# Exporting Midi: Sibelius 7 to Logic



## Land of Missing Parts (Apr 7, 2019)

This seems like a common enough practice, I'm wondering what the best way to do it is.

Ideally, I just want to import the midi and have each instrument load up separately, labeled correctly, and just the notes, nothing else.

So far I'm exporting General Midi 2 and importing that into Logic, and I get some problems: 

-The general midi has extra junk I don't want-- each instrument loads with a cheesy instrument & effects, panning, and cc data that I don't want (volume, midi pan, reverb). And it takes a bit of time to go through and clean it up. 

-For some reason I can't drag the midi regions into another instrument. The only way to play it back is to modify the instrument it imported with.

Thanks.


----------



## Saxer (Apr 9, 2019)

Standard Midi File

I tried Sibelius MusicXML export to Logic but it was full of mistakes. Really and simply wrong notes. Not usable at all.

My experience

Don't open the midi file into a new Logic song. Drag the midi file into an existing (empty) Logic song. Otherwise Logic tries to load GM instruments selected by the program changes.

If possible start your Sibelius track with a bar of rest. At the beginning there are most of the pan/prg-changes and if you cut this first bar in Logic from the imported midi file you get rid of a lot of data junk.

After that it's the best to set all midi events in all tracks to midi channel 1 and delete some more CCs. I didn't find a way to get around that. Sometimes it's faster to select all notes in the Event List Editor (by switching off the view of all other events like prg/CC/pitch+select all) and copy it into new regions.

The Sibelius midi files are not bad. They even includes natural sounding trills that were written as "tr....." in the score and having overlapping notes where needed. You just need libraries that can handle that. I made a bunch of string tracks for a pop music project by importing midi files out of Sibelius and simply adding CC1 to Dimension Strings.


----------



## Wallander (Apr 12, 2019)

Land of Missing Parts said:


> This seems like a common enough practice, I'm wondering what the best way to do it is.
> 
> Ideally, I just want to import the midi and have each instrument load up separately, labeled correctly, and just the notes, nothing else.
> 
> ...


In Logic you can do this _very_ quickly from the "List Editor", which lists all MIDI events for a track, in order.

- Press "D" on your computer keyboard to bring up the List Editor.

- Deselect "Notes" in the List Editor, so that only non-note MIDI events are shown.

- Go through all channels one-by-one, select all and "delete" from your computer keyboard.

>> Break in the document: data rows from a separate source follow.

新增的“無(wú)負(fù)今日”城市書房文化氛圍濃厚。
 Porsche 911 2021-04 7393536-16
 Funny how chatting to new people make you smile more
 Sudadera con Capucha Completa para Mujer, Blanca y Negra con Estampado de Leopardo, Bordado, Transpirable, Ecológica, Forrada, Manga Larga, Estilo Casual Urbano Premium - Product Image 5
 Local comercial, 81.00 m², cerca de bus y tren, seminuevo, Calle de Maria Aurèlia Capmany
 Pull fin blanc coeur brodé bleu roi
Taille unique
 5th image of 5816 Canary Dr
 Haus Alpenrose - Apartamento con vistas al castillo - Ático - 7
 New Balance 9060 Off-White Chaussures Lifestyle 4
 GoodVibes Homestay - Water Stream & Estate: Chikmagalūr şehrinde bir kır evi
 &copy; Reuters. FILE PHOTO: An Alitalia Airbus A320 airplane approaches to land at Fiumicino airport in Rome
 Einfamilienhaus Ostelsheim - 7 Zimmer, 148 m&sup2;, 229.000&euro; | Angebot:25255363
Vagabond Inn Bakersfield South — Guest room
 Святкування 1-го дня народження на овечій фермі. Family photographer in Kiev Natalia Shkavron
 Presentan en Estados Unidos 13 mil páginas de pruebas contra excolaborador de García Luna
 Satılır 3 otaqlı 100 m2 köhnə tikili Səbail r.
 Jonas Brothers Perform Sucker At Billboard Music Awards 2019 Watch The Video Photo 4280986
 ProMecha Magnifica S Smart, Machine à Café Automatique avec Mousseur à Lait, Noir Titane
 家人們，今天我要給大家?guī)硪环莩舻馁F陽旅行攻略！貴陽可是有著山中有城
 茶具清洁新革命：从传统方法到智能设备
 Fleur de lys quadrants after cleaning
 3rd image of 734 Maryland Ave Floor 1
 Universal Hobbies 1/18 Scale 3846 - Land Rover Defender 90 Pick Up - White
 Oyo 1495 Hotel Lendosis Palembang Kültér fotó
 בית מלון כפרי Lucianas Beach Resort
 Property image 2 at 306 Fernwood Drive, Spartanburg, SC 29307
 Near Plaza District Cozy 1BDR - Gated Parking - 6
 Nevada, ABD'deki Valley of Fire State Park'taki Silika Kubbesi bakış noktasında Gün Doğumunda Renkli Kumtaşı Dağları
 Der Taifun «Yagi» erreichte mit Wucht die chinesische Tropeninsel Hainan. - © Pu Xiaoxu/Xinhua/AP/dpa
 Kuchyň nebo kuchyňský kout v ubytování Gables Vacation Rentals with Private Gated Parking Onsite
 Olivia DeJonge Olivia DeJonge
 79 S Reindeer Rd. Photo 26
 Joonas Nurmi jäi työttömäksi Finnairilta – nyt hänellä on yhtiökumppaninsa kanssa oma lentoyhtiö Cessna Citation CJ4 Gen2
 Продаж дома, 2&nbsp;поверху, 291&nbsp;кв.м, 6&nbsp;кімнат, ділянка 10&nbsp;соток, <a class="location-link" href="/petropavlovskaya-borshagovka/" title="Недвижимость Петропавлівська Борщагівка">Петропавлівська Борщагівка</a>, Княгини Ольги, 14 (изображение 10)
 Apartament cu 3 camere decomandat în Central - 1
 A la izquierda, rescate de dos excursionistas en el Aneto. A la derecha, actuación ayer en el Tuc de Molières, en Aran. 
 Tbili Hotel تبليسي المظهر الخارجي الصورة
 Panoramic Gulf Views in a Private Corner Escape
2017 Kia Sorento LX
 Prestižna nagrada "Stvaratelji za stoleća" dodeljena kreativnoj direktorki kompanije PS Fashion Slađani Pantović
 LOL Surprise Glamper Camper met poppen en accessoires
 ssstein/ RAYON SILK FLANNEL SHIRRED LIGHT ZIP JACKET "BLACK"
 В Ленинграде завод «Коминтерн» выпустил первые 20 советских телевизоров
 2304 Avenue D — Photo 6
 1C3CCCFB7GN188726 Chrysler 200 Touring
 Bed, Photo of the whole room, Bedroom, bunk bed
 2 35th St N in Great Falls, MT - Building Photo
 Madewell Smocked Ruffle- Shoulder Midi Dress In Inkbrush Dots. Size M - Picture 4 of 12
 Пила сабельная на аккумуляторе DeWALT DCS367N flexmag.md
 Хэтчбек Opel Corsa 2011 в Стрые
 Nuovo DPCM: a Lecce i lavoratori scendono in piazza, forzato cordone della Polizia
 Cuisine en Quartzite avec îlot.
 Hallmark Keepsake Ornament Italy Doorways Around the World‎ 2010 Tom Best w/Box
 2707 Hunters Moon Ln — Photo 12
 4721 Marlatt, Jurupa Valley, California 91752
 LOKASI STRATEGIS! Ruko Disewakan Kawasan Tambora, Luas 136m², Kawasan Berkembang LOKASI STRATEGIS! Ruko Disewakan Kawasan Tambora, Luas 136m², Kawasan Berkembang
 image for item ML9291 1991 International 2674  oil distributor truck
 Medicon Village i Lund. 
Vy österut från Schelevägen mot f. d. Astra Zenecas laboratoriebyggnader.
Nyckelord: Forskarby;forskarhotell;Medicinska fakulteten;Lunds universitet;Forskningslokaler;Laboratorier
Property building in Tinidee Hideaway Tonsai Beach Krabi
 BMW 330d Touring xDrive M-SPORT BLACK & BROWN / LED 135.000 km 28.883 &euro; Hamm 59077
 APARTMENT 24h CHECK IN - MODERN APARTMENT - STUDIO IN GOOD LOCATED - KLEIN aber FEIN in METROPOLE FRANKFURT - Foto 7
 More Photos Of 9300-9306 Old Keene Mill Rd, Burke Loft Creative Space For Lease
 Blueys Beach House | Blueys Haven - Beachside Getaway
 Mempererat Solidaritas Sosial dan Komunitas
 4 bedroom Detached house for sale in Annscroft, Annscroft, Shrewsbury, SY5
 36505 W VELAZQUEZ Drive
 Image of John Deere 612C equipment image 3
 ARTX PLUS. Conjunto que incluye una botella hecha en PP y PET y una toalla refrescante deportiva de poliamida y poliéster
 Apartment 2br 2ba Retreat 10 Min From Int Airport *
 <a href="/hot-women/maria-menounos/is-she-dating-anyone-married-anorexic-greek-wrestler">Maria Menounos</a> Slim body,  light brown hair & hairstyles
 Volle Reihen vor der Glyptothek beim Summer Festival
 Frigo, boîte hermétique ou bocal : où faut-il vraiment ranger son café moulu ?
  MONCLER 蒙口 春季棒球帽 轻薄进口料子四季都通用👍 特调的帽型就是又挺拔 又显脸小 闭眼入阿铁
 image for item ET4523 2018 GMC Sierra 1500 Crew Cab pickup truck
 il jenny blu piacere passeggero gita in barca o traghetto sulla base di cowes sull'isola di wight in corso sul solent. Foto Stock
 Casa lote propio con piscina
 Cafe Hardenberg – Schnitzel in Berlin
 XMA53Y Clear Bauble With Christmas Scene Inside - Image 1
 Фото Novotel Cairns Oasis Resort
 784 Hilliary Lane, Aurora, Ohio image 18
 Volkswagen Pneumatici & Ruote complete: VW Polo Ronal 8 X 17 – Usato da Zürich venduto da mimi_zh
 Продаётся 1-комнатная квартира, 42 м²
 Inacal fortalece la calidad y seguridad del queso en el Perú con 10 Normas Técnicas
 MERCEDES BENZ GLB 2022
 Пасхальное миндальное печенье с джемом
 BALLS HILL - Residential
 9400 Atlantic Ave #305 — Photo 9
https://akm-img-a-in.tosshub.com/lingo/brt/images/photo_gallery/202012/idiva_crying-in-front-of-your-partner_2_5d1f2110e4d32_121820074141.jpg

This leaves you with just the note events.


----------



## Land of Missing Parts (Apr 12, 2019)

Saxer said:


> Standard Midi File
> 
> I tried Sibelius MusicXML export to Logic but it was full of mistakes. Really and simply wrong notes. Not usable at all.
> 
> ...





Wallander said:


> In Logic you can do this _very_ quickly from the "List Editor", which lists all MIDI events for a track, in order.
> 
> - Press "D" on your computer keyboard to bring up the List Editor.
> 
> ...


Great advice, thanks to you both. I'll have to experiment some more.


----------



## Steve Martin (Apr 13, 2019)

When importing a midi file exported from Sibelius, I encoutered a problem when I was using a Kontakt String library after I played back one of the tracks in regard to panning. As the original string library was recorded in the correct stage position, no panning was needed. And during playback of the midi file in my DAW, it was really panned too much. I tried to solve this by going into the mixer, and resetting the panning to zero, but when I played back the track, you could hear it jump back to being panned. I couldn't work out what was causing it, until somehow I discovered by going into the controllers and checking the panning messages in the midi file I exported from Sibelius, that the controllers for panning were not at zero, but panned at a higher number. I then remembered that Sibelius apparently does panning for you, and when exporting the midi file, the panning messages were also sent and were controlling this function. I then solved this by going into the panning control part of the track, and rubbing out the panning messages and setting it to zero, and all was well. I just thought I would mention this, in case you run into a similar problem.


----------



## Wallander (Apr 15, 2019)

Steve Martin said:


> When importing a midi file exported from Sibelius, I encoutered a problem when I was using a Kontakt String library after I played back one of the tracks in regard to panning. As the original string library was recorded in the correct stage position, no panning was needed. And during playback of the midi file in my DAW, it was really panned too much. I tried to solve this by going into the mixer, and resetting the panning to zero, but when I played back the track, you could hear it jump back to being panned. I couldn't work out what was causing it, until somehow I discovered by going into the controllers and checking the panning messages in the midi file I exported from Sibelius, that the controllers for panning were not at zero, but panned at a higher number. I then remembered that Sibelius apparently does panning for you, and when exporting the midi file, the panning messages were also sent and were controlling this function. I then solved this by going into the panning control part of the track, and rubbing out the panning messages and setting it to zero, and all was well. I just thought I would mention this, in case you run into a similar problem.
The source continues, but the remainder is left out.